I have spent a lot of time lately searching for a sustainable truism in my student life. So I have given to early morning studying, healthy diet, weight lifting, yoga, amongst other unusual activities. So this weekend I decided I’d try something different. But just last Friday I felt kinda depleted of new ideas to try. After all the activites I chose to participate in had specific utility, such as getting me more aware of the pain and hence stimulate my intellectual functioning, etc. Any other things I try might simply add on to the same purpose and hence not make a dramatic difference.
But then after reflecting through my weekly schedule and seeing what’s causing the inefficiency, I realized that staying in the office is such a bad idea that it made me whine more and work less, talk more and read less, resent life more and love my work less. After all the office is reserved for the undergrad students coming for help. Why else would the department accommodate us poor grad students with such gratuitous space? So I went straight to the library. Surprisingly enough, I found myself in much better control of myself. There is not the constant urge to check up on my facebook account to see how might be interested in dating me, nor the anguish of officemates trying to strike a conversation with you to reduce awkwardness of cohabiting the same suffocating space. The better part is that you can really forget about the elapse of time and pretend you’ve got infinite amount of it. And that’s so crucial for doing good research, especially in math, since the brain takes an unpredictable amount of time process complicated information and organize it in its own favorite way.
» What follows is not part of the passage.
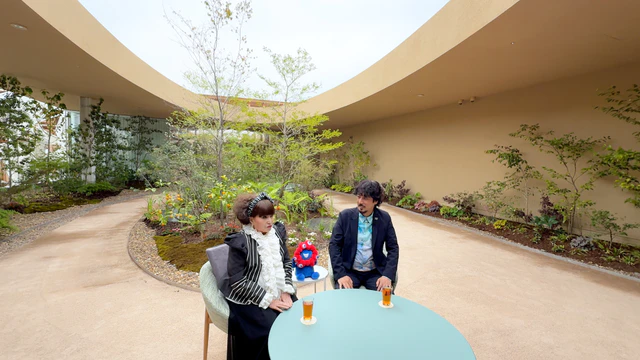 黒柳徹子さんが大阪・関西万博カルティエのウーマンズパビリオンに来館 「UPPER GARDEN」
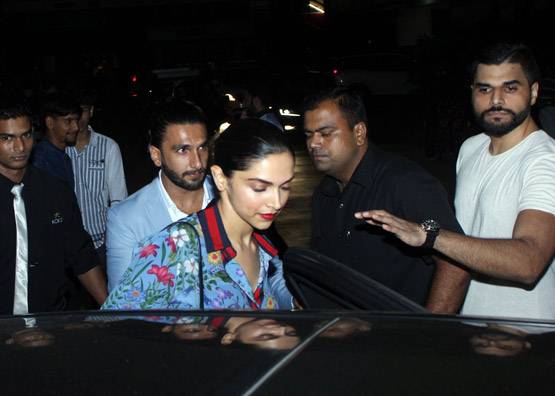 रणवीर-दीपिका की डिनर डेट पर पहुंचे युवराज. देखें क्या किया दीपिका ने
But now I am trying to get ahead of the game and figure out what might hold me back again in the future. There is always the fear that the more I adopt a certain methology, the more likely its effectiveness will be shorn off, until I need to find an alternative solution. So my feeling is the more I stay in a self-contained position in the library, the more often I will develop into a trance that hinders productive thinking. And once my brain figures out how to cheat my industrious conscience, it might simply do that over and over so that nothing will be done in the end. After all you can’t force a reluctant student to learn, much like forcing the brain to absorb. So by industry I must mean a higher standard of self-discipline. One that’s not triggered by a single momentous action, but rather requires an indefinitude of continuous monitoring of the different physical components that might fall prey to sloth. It is hardly emphasized that one needs to quit self-reflection sometimes and instead focus on the exigent matters at hand. The reflection could be seen as a nonreligious way of praying, i.e., self-consolation. But to overdo it could cause a lack of subtantive content and in the end lead to catastrophic thinking. So industry in its most difficult phase consists of coordinating the brain function in a way that’s conducive to productivity.